I am wondering if there is public domain LL(k) parser for C++.
y...@tuna.micro.umn.edu (Dongxiao Yue) writes: > The thing I am afraid of is sometimes left factoring and elimination of > left recursion will leave the grammar intractable.
> Given the expressions as example, I really don't like this > E ---> T E' > E' ---> > |+T E' > in LR > we have E ---> E+T
In LL(k), we usually do E -> T + E T -> F * T
etc. I can't remember the whole thing, but I have a parser that works fine on all expressions. Plus, no messy %left %right %unary stuff and shift/reduce conflicts.
> Infinte look ahead, does that mean it continues to look ahead until > there is a resolution?
It means that the parser will read to the end of the file if it has to to disambiguate productions. If you're not afraid of LL(k>1) then it's simple. If you want LL(1), then you get the E -> T E' and all that crap.
> I am wondering if there is public domain LL(k) parser for C++.

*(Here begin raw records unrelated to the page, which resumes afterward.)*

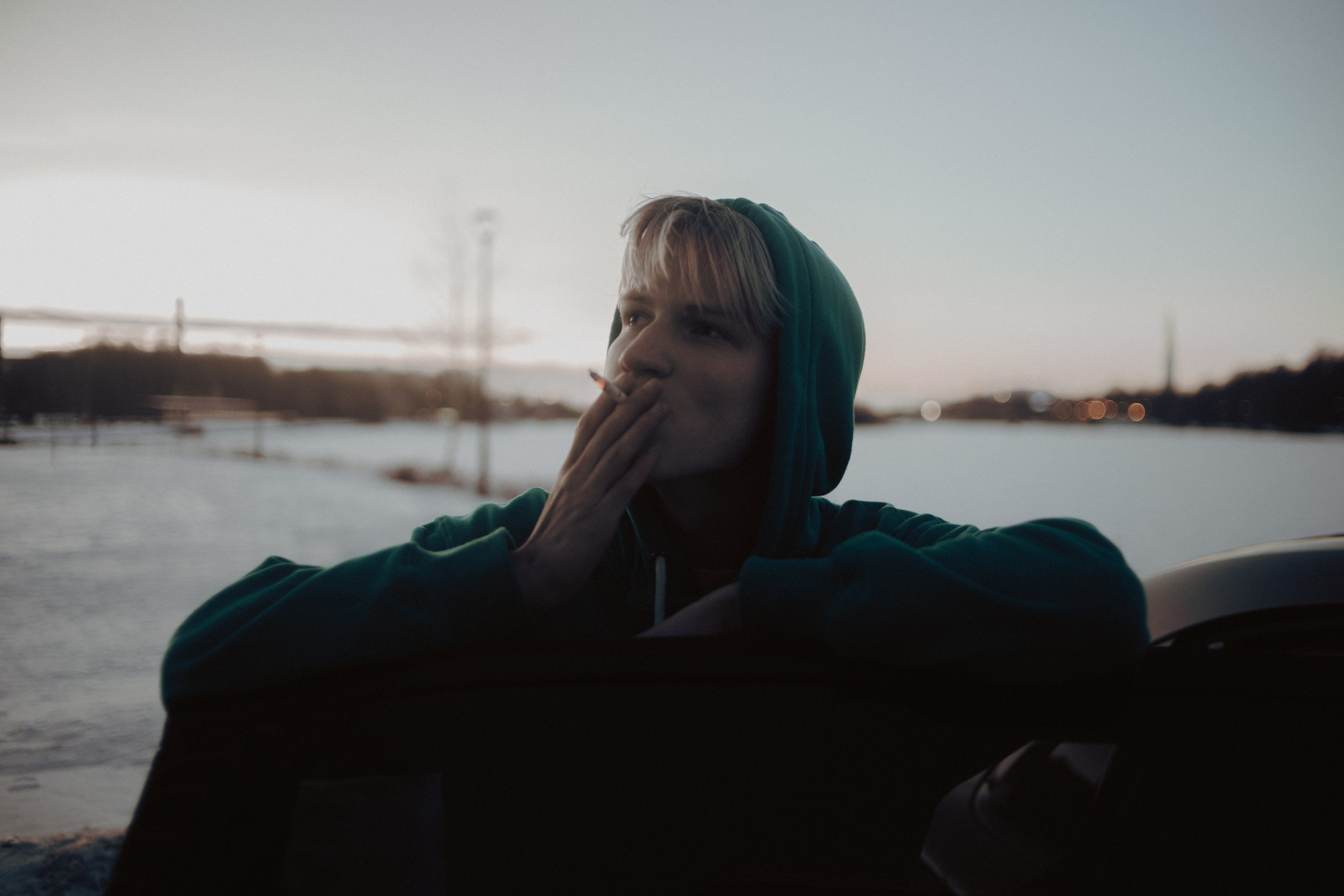 Иван. Берег Финского залива. Портретный Фотограф Александр «Konevtsoph» В Санкт-Петербурге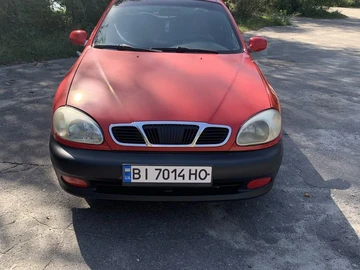 Авто Daewoo Lanos Sens  1998 № 7999792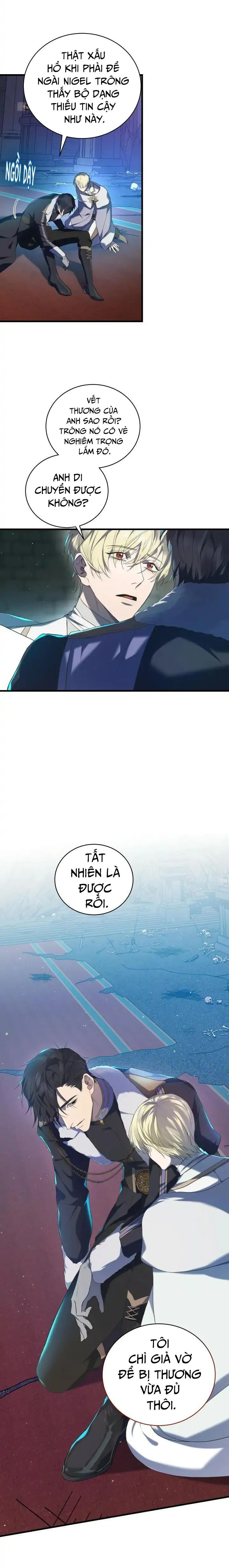 Nuôi Dưỡng Thế Thân Chapter 1 Trang 18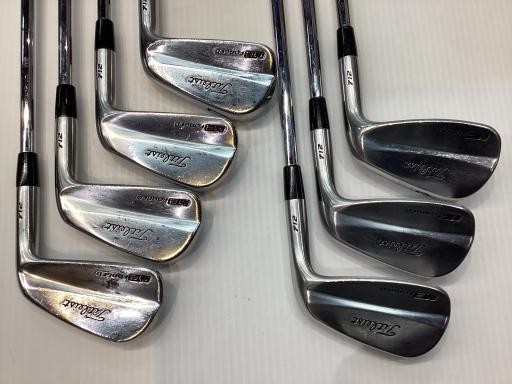 Titleist MB 712 Iron Set 4-9+PW DG S200 Flex Right-Handed Used 7pc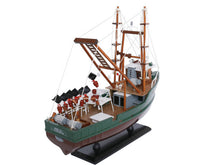 Load image into Gallery viewer, Wooden Andrea Gail - The Perfect Storm Model Boat 16&quot;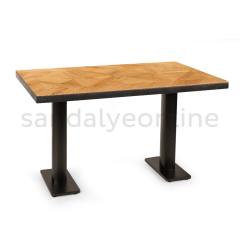Motto Double Framed Cafe Table
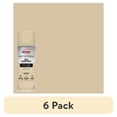 thumbnail image 1 of (6 pack) Glidden Master Finish 12 oz. Satin Earthy Cane Interior/Exterior All Surface Spray Paint and Primer, 1 of 10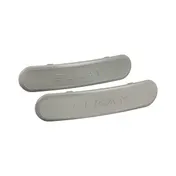 Elkay 1000001600 Kit-Ez Front Pushbars, Stainless Steel 2-Piece Kit for Commercial Ice Dispenser 1 image
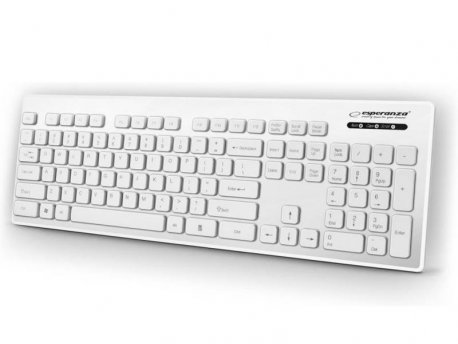 ESPERANZA EK130W -  Vodootporna žična usb tastatura Singapur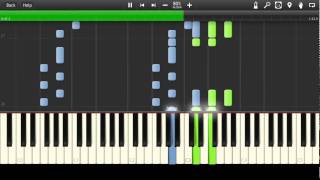 Blues Brothers  Rawhide Synthesia Tutorial [upl. by Elysha197]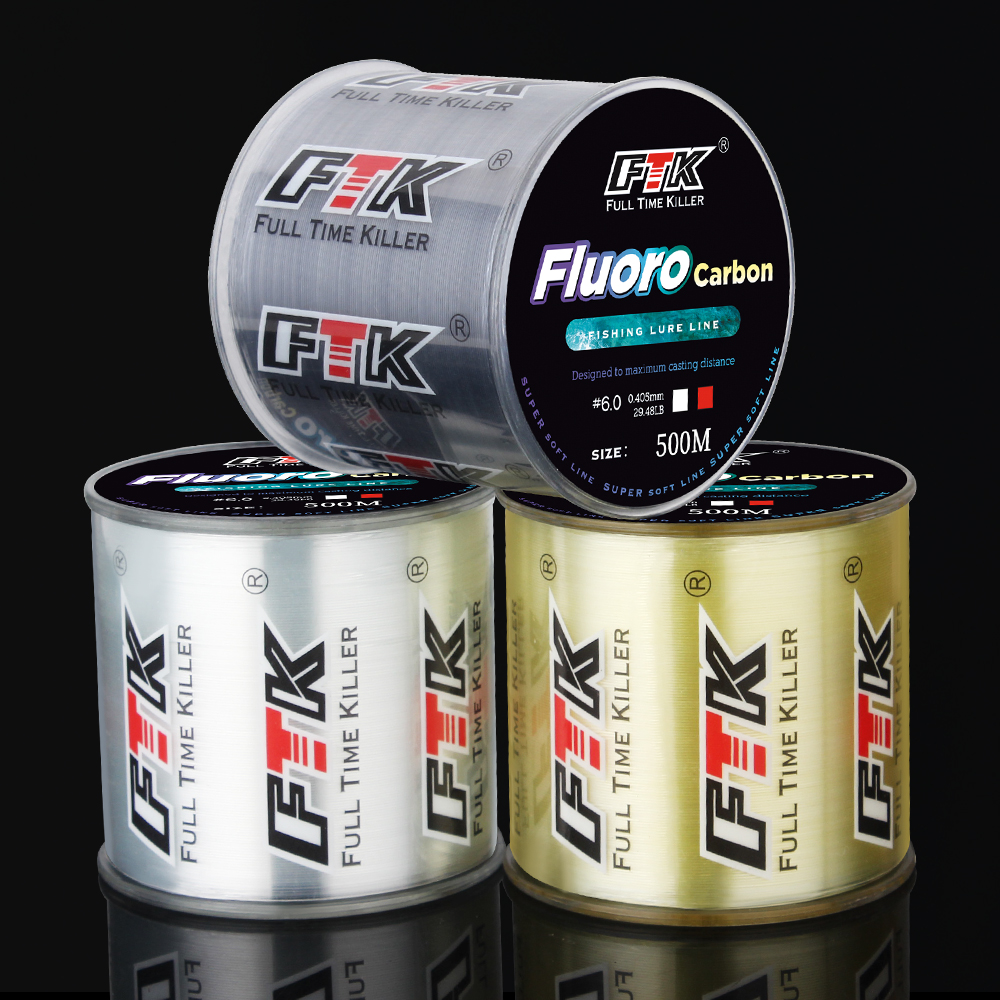 FTK Fishing Line 300M / 500M C - Fluorocarbon Line review and price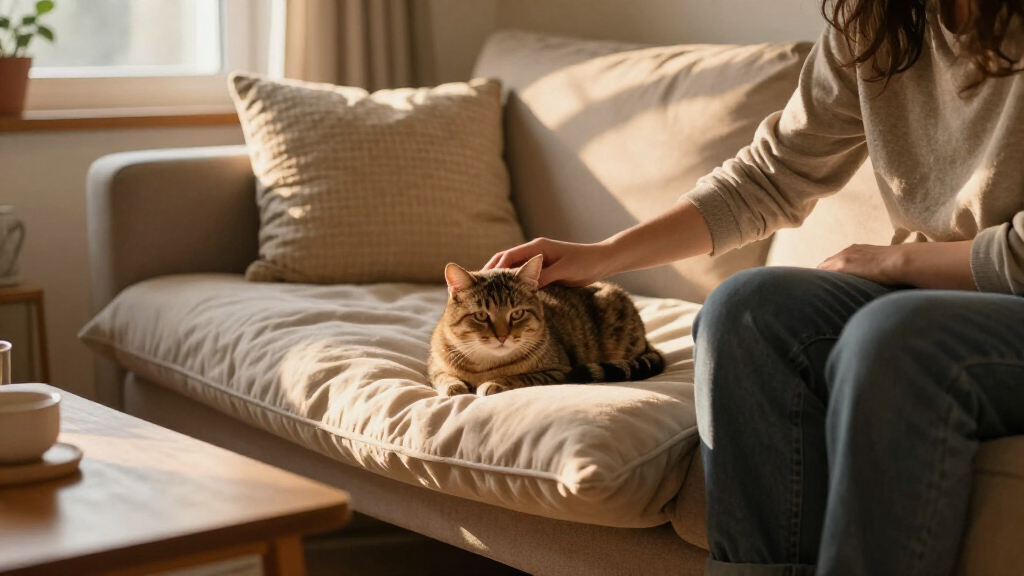 heated cat bed low voltage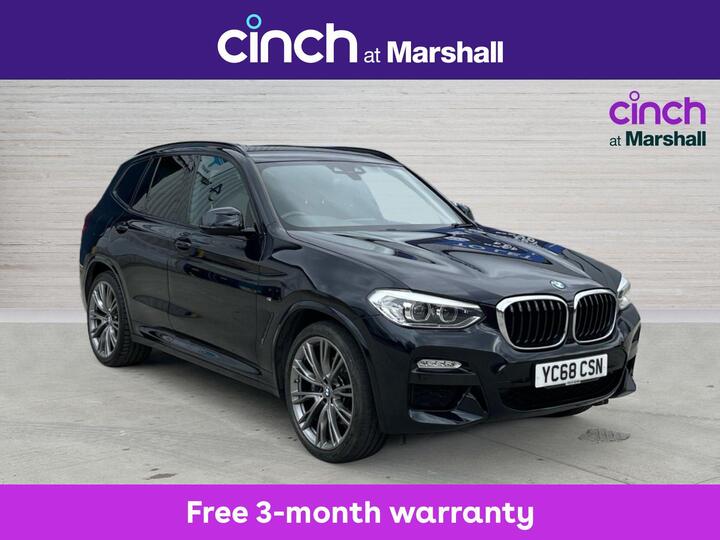BMW X3 2.0 20i GPF M Sport Auto XDrive Euro 6 (s/s) 5dr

The Purdue Compiler Construction ToolSet (mentioned in last post, availabe via anon ftp from marvin.ecn.purdue.edu) will produce C or C++ output; you decide. -- -------------------------------- Paul Fagerburg (p...@bert.cs.byu.edu) "If I was being executed by injection, I'd clean up my cell real neat. Then, when they came to get me, I'd say, `Injection? I thought you said inspection.' They'd probably feel bad, and maybe I could get out of it."

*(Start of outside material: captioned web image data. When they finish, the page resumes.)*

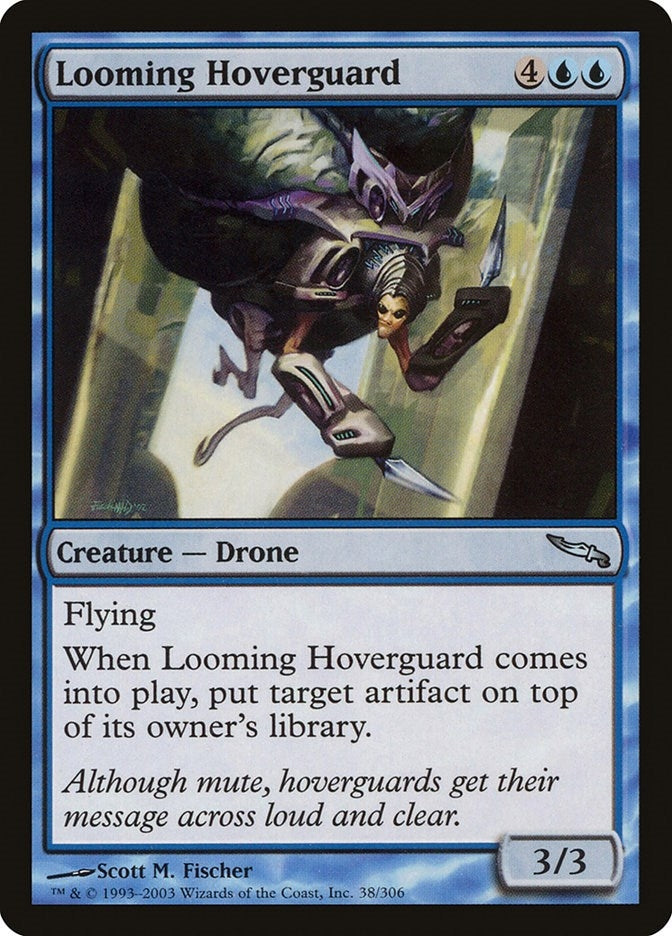 Image for Looming Hoverguard (38) - Magic: The Gathering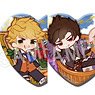 [Granblue Fantasy] Trading Heart Style Can Badge (Set of 7) (Anime Toy)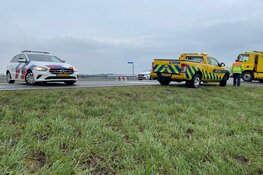 Twee auto&#39;s betrokken bij ongeluk in Enkhuizen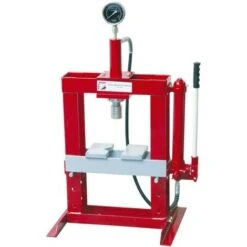 PRESSA IDRAULICA MANUALE 10T DA BANCO HOLZMANN WP10H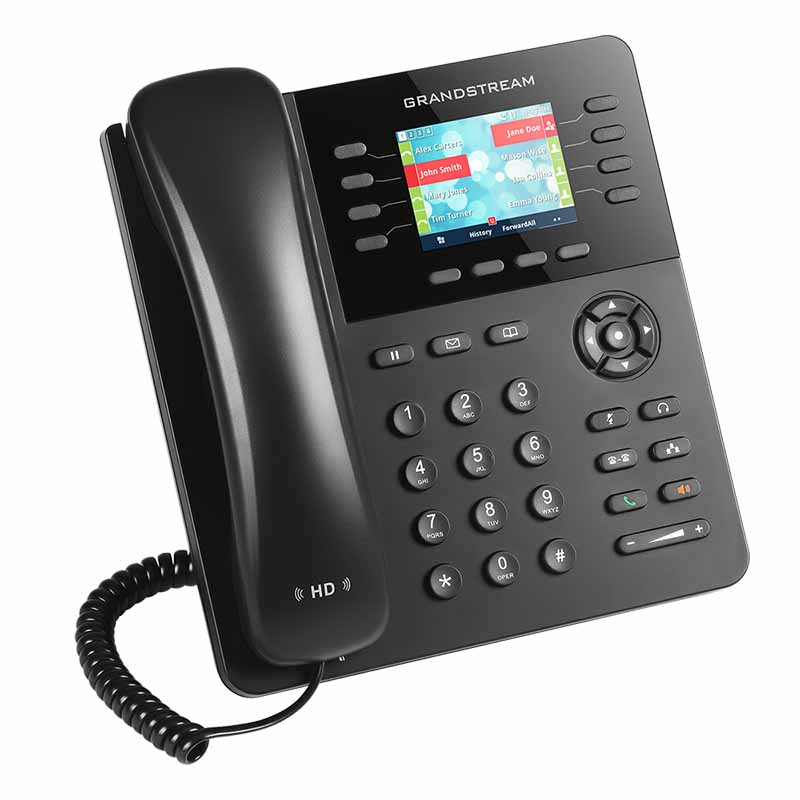 تلفن گرنداستریم تحت شبکه صفحه رنگی مدل GXP2135
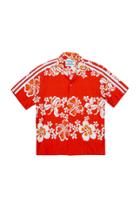 Just Don Floral-print Cotton-blend Shirt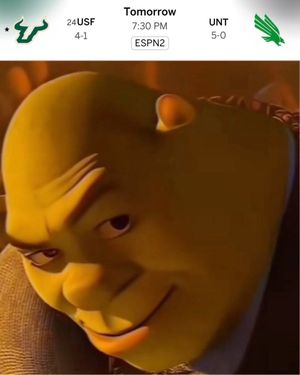 Image post by @USFAthletics on Twitter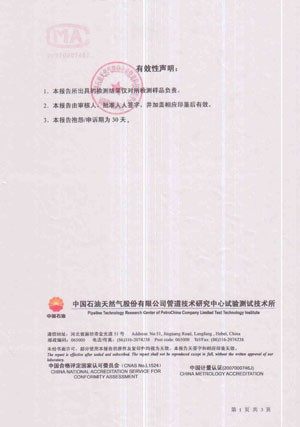 有效性声明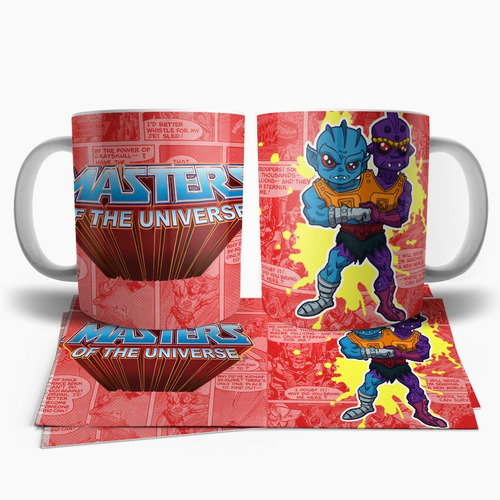 Heman He Man Two Bad Taza Tu Propio Estilo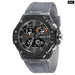 Sport Dual Time Watch for Men Led Light 8066 Military s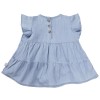 Jeansblauw kleedje - Nanning brilliant blue - maat 62 (Geboortelijst Jorya N.)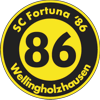 Wappen / Logo des Vereins SC Fortuna Wellingholzhausen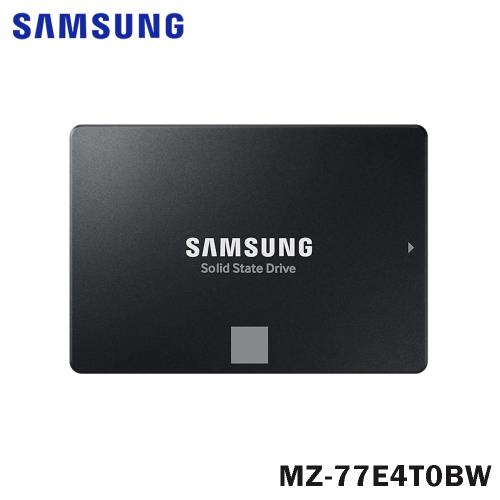 SAMSUNG 三星 870 EVO SATA 2.5吋 固態硬碟 4TB MZ-77E4T0BW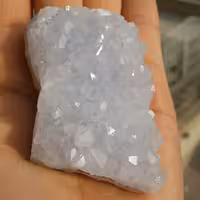 سنگ راف آمتیس تخته ای بلور درشت بسیار زیبا دیدنی کاملا طبیعی شاهکار خلقت خااااص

In @bert.cs.byu.edu> p...@bert.cs.byu.edu (Paul L Fagerburg) writes:
>y...@tuna.micro.umn.edu (Dongxiao Yue) writes: >> The thing I am afraid of is sometimes left factoring and elimination of >> left recursion will leave the grammar intractable.
>> Given the expressions as example, I really don't like this >> E ---> T E' >> E' ---> >> |+T E' >> in LR >> we have E ---> E+T >In LL(k), we usually do >E -> T + E >T -> F * T
Sorry to repeat something that is in text book. But E-> T + E alone will not work since E can also be just T, to make it LL(1), we must left factor. so my we need the grmmar in my original post. Maybe we can live with E --> T | T+ E if LL(k) k>1, but this will be not efficient compared to LALR(1). efficient performance is vital for a compiler, I am sick of sitting there waiting for my program to get compiled.
>etc. I can't remember the whole thing, but I have a parser that works >fine on all expressions. Plus, no messy %left %right %unary stuff and >shift/reduce conflicts.
No, the E-->E+T grammar does not need to consider associativity, only the E--> E+E, E->E*E ... stuff do.
>> Infinte look ahead, does that mean it continues to look ahead until >> there is a resolution? >It means that the parser will read to the end of the file if it has to >to disambiguate productions. If you're not afraid of LL(k>1) then it's >simple. If you want LL(1), then you get the E -> T E' and all that crap. >> I am wondering if there is public domain LL(k) parser for C++. >The Purdue Compiler Construction ToolSet (mentioned in last post, >availabe via anon ftp from marvin.ecn.purdue.edu) will produce C or C++ >output; you decide.